Africrypt — Brothers Vanished After Claiming a Hack; Losses Fiercely Disputed
Africrypt, a South African cryptocurrency investment platform founded in 2019 by brothers Raees Cajee and Ameer Cajee, collapsed in April 2021 after the founders claimed a hack had drained investor wallets and then instructed clients not to report the incident to authorities — a step they framed as protecting an ongoing recovery effort. Within days of that announcement, both brothers were unreachable. Client funds were gone.
The collapse attracted global attention primarily because of a headline figure: early reports, including a widely cited Bloomberg article from June 2021, placed losses at $3.6 billion, a figure derived from the claimed Bitcoin holdings at peak valuations. That number has not been verified by any regulatory body or court-appointed investigator. The Financial Sector Conduct Authority (FSCA), South Africa’s markets regulator, estimated investor losses at approximately R200 million (around $12–15 million at 2021 exchange rates) based on formal complaints received. Court-appointed liquidators working from documented fund flows put the credible upper bound at roughly $223 million. Independent analysts have cited a $40–50 million range as the most supportable estimate given available records. The gap between $3.6 billion and verified figures is substantial; this entry uses the FSCA and liquidator ranges and notes the discrepancy.

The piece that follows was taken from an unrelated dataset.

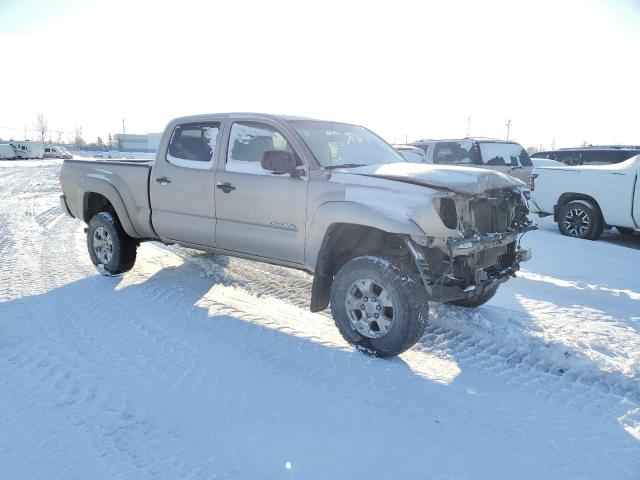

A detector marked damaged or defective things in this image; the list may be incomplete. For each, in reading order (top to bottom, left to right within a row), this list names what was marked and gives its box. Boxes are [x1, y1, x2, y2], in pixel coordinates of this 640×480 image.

As of early 2026, Raees and Ameer Cajee had returned to South Africa from their years abroad and were reported to be residing inside a gated estate in KwaZulu-Natal. No formal criminal charges had been filed in South Africa. One brother was arrested in Zurich, Switzerland in November 2021 and later released on bail to supervised residence. South African authorities have not effected a domestic arrest, and lawyers for investors reported difficulty serving legal papers as of early 2026.